The sled is clamped or held down to the table saw in the orientation that it will be operated in. The bars are slid into the slots under the sled and holes are drilled and countersunk and screwed from the top of the sled into the miter bars.

Next cut a kerf into the sled with the table saw. This is done with the sled running in the miter slots. The kerf should only go at most halfway across the sled.

Support fence

The sled will be held together with a support fence, it needs to have at minimum two adjacent sides that are level and square and be the same length as the sled.


Attach support fence to sled

One of the true sides will be face down on the sled with the other facing forward on the sled. Unlike with other sleds the fence is put in the middle of the sled so that there is adequate space to comfortably

support the work pieces in front of it and room for a 1/2" backer board. I recommend 3" from the front of the sled. Attach the fence on one side with a single countersunk screw from under the sled. Adjust the fence so that it is at a right angle from the kerf in the

sled and secure it with 3 more countersunk screws. evenly spaced and nowhere near the kerf as the kerf will be getting bigger when the dado kerf is cut into it.

Backer board

It should be made from 1/2" plywood and be as long as the sled is and 4"- 6" wide.

*Insert dado blade: always unplug table saw when changing blades.

Insert a stack of dado blades equal the width of the desired box joint.

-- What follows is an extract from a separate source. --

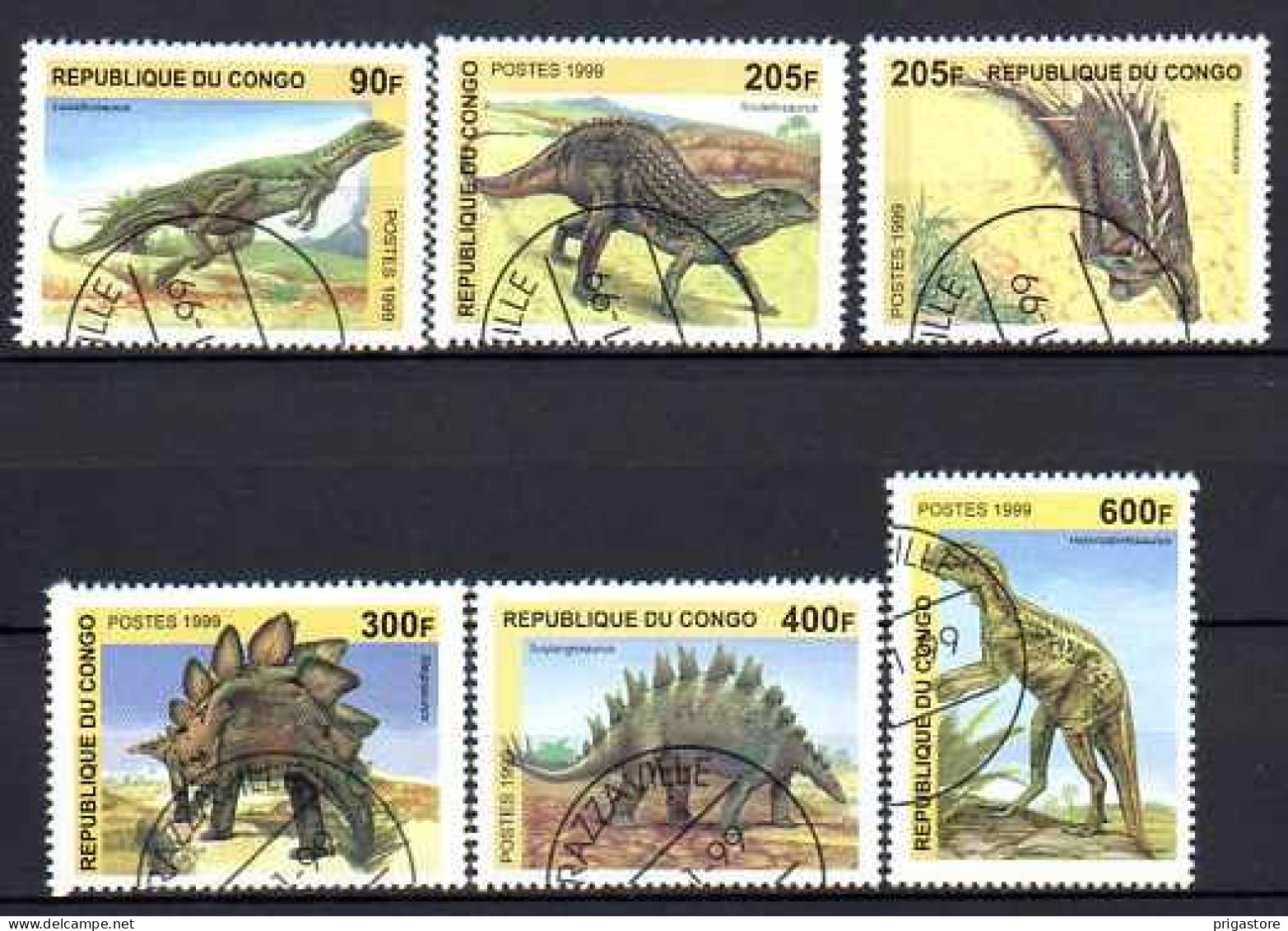 Congo 1999 Animaux Préhistoriques (7) Yvert N° Non Répertorié Oblitéré Used - Oblitérés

Cut dado opening in backer board

Cut a spacer opening into the backer board with the dado stack. Set the height to 1/32" higher than the thickness of the material you plan on using your finished jig with. The space opening should be near to the center of the backer board.

*Insert standard blade: always unplug table saw when changing blades.

Cut spacer

The spacer should be made out of hardwood. The width of the spacer should be 0.004" less than the width of the dado cut in the backer board. Its height should be slightly under the height of the opening on the backer board. The length needed is around 3". After making the spacer you can cut it down to 2" long and save the cutoff to be used for dialing in the gap between the space and dado blade.

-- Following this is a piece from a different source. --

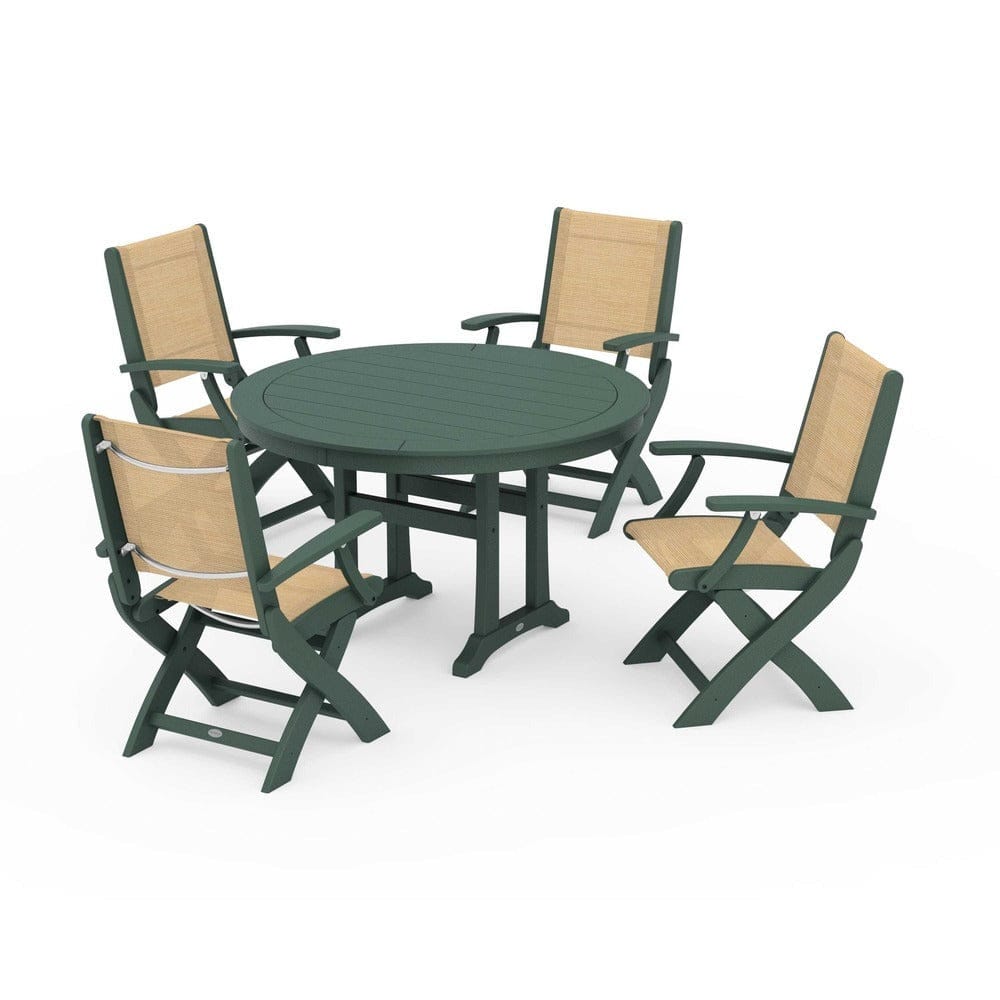 POLYWOOD® - Coastal Folding Chair 5-Piece Round Dining Set with Trestle Legs - PWS1120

Chamfer the top two edges of the spacer along its length. This will make it easier to place your fresh cut box joints over the spacer.

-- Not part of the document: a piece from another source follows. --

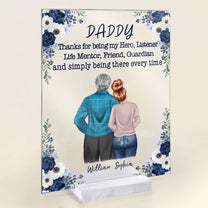 Dad Thanks For Being My Friend - Personalized Acrylic Plaque - Fathers Day Gift For Papa, Dad, Father
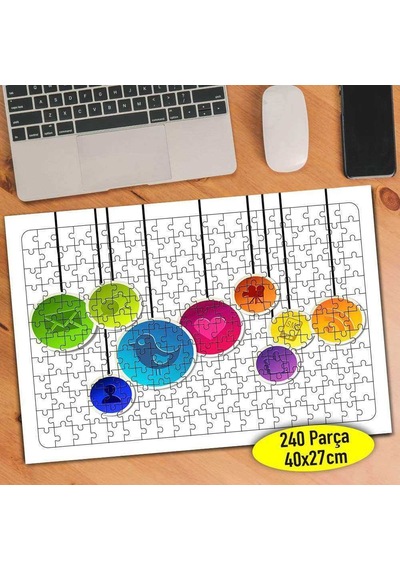 Rengarenk Sosyal Ağ Balonları 240 Parça Puzzle Yapboz- 5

Glue the spacer into opening so that it only protrudes on one side of the backer board and sits flush with the bottom of the backer board.

*Insert dado blade: always unplug table saw when changing blades.

Insert a stack of dado blades equal the width of the desired box joint.

Attaching the Backer Board

The backer board will be attached to the support fence first with clamps to approximate the gap between the spacer and the dado stack. My desired gap is 0.006" less than the dado cut. Place the spacer off cut between the spacer and the dado blade to measure a gap that is ~0.004" less than the dado cut. The backer board is then clamped to the sled.

Fine adjusting the gap

Bring the gap into precise specifications will tune the jig to work better.

If the gap is too big: on the side of the sled away from the dado kerf, clamp a blunt pointed offcut to the sled so a long side is pressed against the backer board with the blunt point pressed up to the spacer. Loosen the backer board and slide it away from the clamped off cut, insert desired feeler gauges (thickness of feeler gauges should equal amount of gap to close,) between the blunt end of the off cut and the spacer and slide the backer board back so that the space is pressed up to the bunt point with the feeler gauges between them. Clamp the backer board to the support fence, remove the clamped off cut and feeler gauges to test the new gap.

If the gap is too small: on the side of the sled away from the dado kerf, clamp a blunt pointed offcut to the sled so a long side is pressed against the backer board with the blunt point pressed up to the spacer with desired feeler gauge thicknesses (thickness of feeler gauges should equal amount of gap to expand,) sandwiched between the blunt point and the spacer. Unclamp the backer board, remove the feeler gauges, slide the backer board so the spacer is pressed against the blunt point and reclamp the backer board to the sled, remove the clamped off cut and test the new gap.

Add a Blade guard

A blade guard can be added by gluing a cut off to the back of the sled where the dado blade comes through to the fence. This will add a small measure of safety that just may save a finger or life.